Started with r9-2635-g78ea9abc2018243af7f7ada6135144ac90c6ad27 I wonder if objsz pass when insert_min_max_p shouldn't in addition to adding MIN_EXPR or MAX_EXPR around the result of __bos also drop the least significant bit from the __bos second argument.
(In reply to Jakub Jelinek from comment #2) > Started with r9-2635-g78ea9abc2018243af7f7ada6135144ac90c6ad27 > I wonder if objsz pass when insert_min_max_p shouldn't in addition to adding > MIN_EXPR or MAX_EXPR around the result of __bos also drop the least > significant bit from the __bos second argument. But then isn't this wrong as well? Btw, I never get what the second bit means, it's documented as "The second bit determines if maximum or minimum of remaining bytes is computed." but does it compute the maximum size when the bit is set or when it is not set? For the least significant bit the situation is better: "If the least significant bit is clear, objects are whole variables, if it is set, a closest surrounding subobject is considered the object a pointer points to." Unfortunately the examples also only use 0 and 1.

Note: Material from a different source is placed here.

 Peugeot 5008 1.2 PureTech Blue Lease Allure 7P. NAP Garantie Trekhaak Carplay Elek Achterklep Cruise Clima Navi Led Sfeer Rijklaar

--- gcc/tree-object-size.c.jj 2021-01-04 10:25:39.911221618 +0100 +++ gcc/tree-object-size.c 2021-07-12 11:28:51.328120222 +0200 @@ -1393,6 +1393,11 @@ pass_object_sizes::execute (function *fu { tree tem = make_ssa_name (type); gimple_call_set_lhs (call, tem); + if (object_size_type == 1) + { + ost = build_zero_cst (TREE_TYPE (ost)); + gimple_call_set_arg (call, 1, ost); + } enum tree_code code = object_size_type == 1 ? MIN_EXPR : MAX_EXPR; tree cst = build_int_cstu (type, bytes); works, but unfortunately only for __builtin_object_size (, 1). When I did that also for 3 (to turn it into 2), it breaks several gcc.dg/builtin-object-size*.c tests. 0 is defined as an upper bound of the object size, subobjects not taken into account 1 is defined similarly, but subobjects are taken into account 2 is defined as a lower bound of the object size, subobjects not taken into account 3 is 2 with subobjects -D_FORTIFY_SOURCE={1,2} typically only uses 0 and 1 modes, 2 and 3 are rare, and are useful e.g. when somebody wants to find out if the object size is exact or not (for exact case the upper and lower bounds are equal).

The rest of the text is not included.